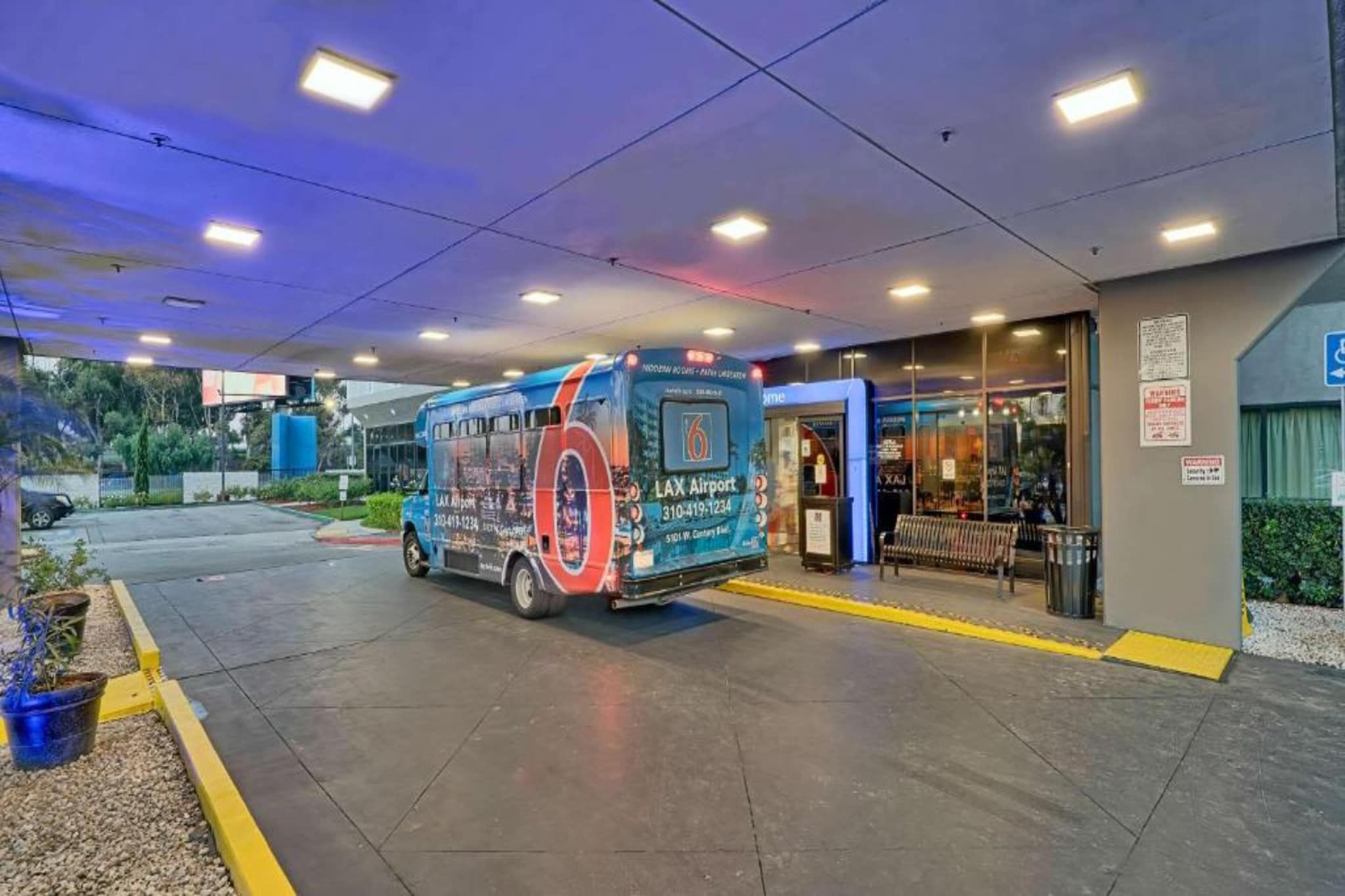 A bus parked at a bus stop with a sign for LAX Airport.
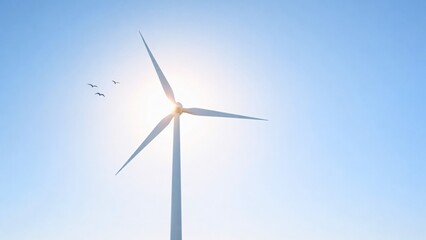 Fototapeta premium Minimal wind turbine with the sun behind and birds flying nearby, blue sky and calm atmosphere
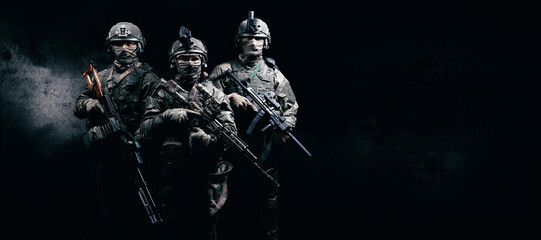 Image of three soldiers in a shooting computer game. ESports concept.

Work to complete:
Without including any images, output the data exactly as given.

Task solution:
 A bus parked at a bus stop with a sign for LAX Airport.
 Fototapeta premium Minimal wind turbine with the sun behind and birds flying nearby, blue sky and calm atmosphere
 Image of three soldiers in a shooting computer game. ESports concept.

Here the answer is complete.